Autor da emenda da maioridade penal diz que votação impôs derrota ao governo

  • Por Agencia Brasil
  • 02/07/2015 13h18
DF - ELEIÇÃO/DF/RESULTADO - POLÍTICA - O advogado Rogério Rosso (PMDB) concede entrevista coletiva depois de ser eleito o novo governador do Distrito Federal, na Câmara Legislativa, em Brasília, neste sábado. Rosso foi eleito ontem (16) na eleição indireta realizada pela Câmara Distrital para substituir Arruda, cassado em março pela Justiça Eleitoral por infidelidade partidária em meio ao escândalo de corrupção de Brasília.
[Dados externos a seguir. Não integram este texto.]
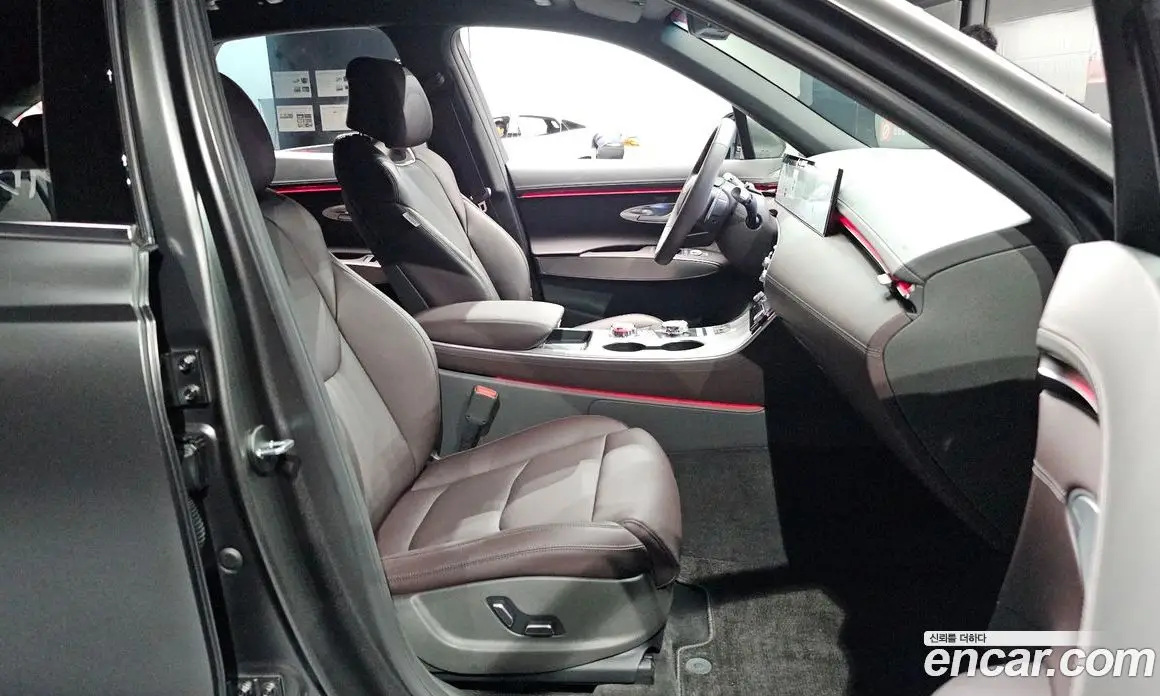 Genesis GV70 2026 2.5 автомат (гидро), фото 18 Genesis GV70 2026 2.5 автомат (гидро), фото 18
Suplente de deputado federal, Rogério Rosso, 41 anos, foi presidente da Companhia de Planejamento do DF (Codeplan) na gestão de Arruda. O órgão é investigado pelo inquérito aberto a partir das investigações da Polícia Federal (PF), na Operação Caixa de Pandora, sobre o esquema de corrupção na cidade. 17/04/2010 - Foto: DIDA SAMPAIO/AGÊNCIA ESTADO/AEEleição indireta elege o advogado Rogério Rosso

O líder do PSD na Câmara e autor da emenda aglutinativa que reduz a maioridade de 18 para 16 anos para crimes hediondos, homicídio doloso e lesão corporal seguida de morte – aprovada nesta quarta (01) na Câmara dos Deputados – Rogério Rosso, disse nesta quinta-feira (2) que a votação foi uma derrota para o Executivo e criticou a postura do líder do governo na Casa, deputado José Guimarães (PT-CE).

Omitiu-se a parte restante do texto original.